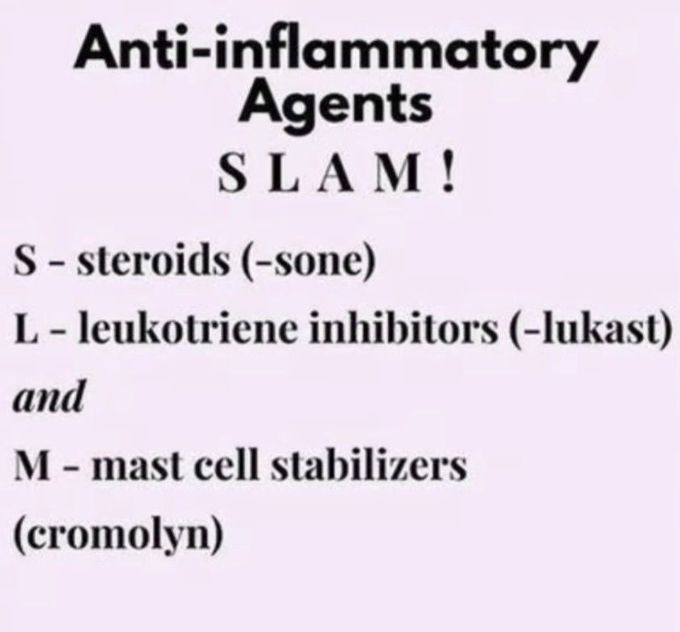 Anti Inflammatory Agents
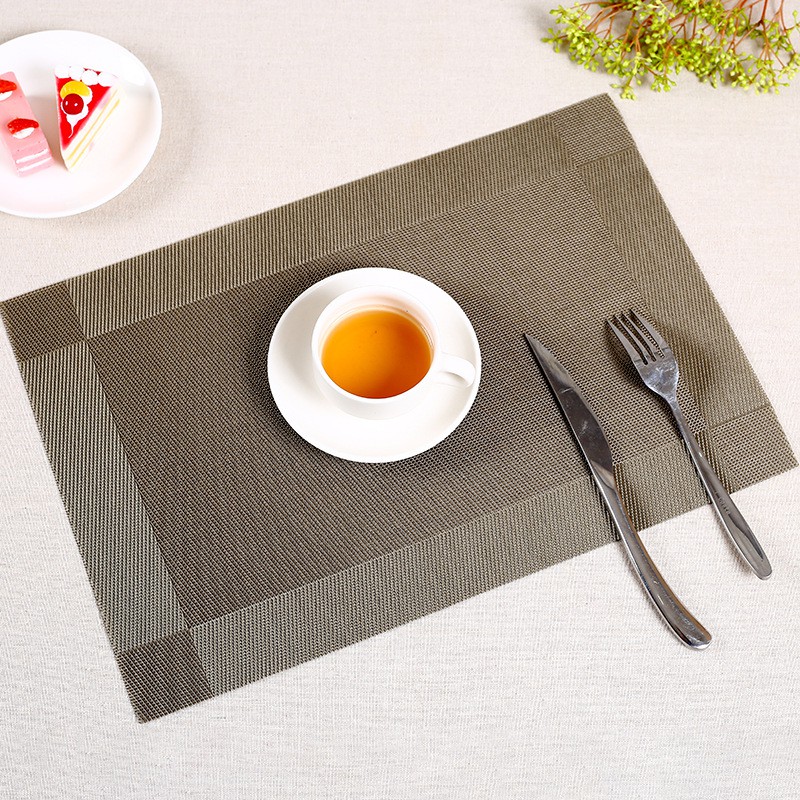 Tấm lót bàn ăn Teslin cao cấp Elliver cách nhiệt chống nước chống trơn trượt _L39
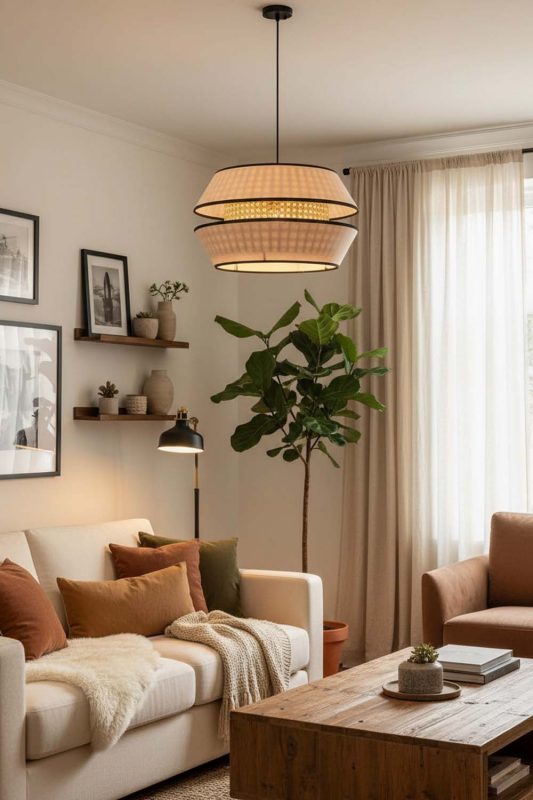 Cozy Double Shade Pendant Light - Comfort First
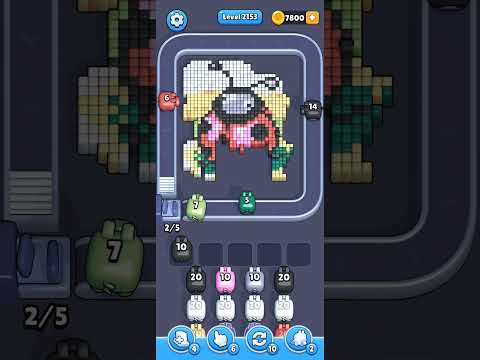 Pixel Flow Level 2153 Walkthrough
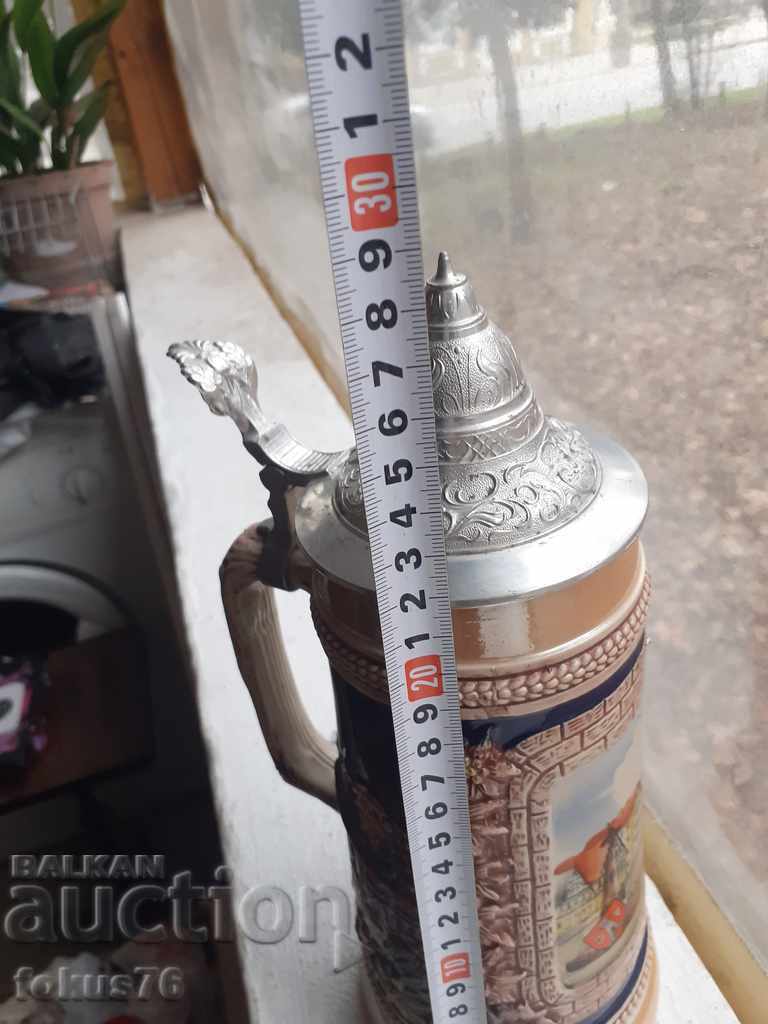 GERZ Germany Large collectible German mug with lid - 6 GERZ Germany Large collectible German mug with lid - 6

----------

▶ [What is required]:
Without including any pictures, output each entry above exactly as it appears.

▶ [Answer below]:
 Anti Inflammatory Agents
 Tấm lót bàn ăn Teslin cao cấp Elliver cách nhiệt chống nước chống trơn trượt _L39
 Cozy Double Shade Pendant Light - Comfort First
 Pixel Flow Level 2153 Walkthrough
 GERZ Germany Large collectible German mug with lid - 6 GERZ Germany Large collectible German mug with lid - 6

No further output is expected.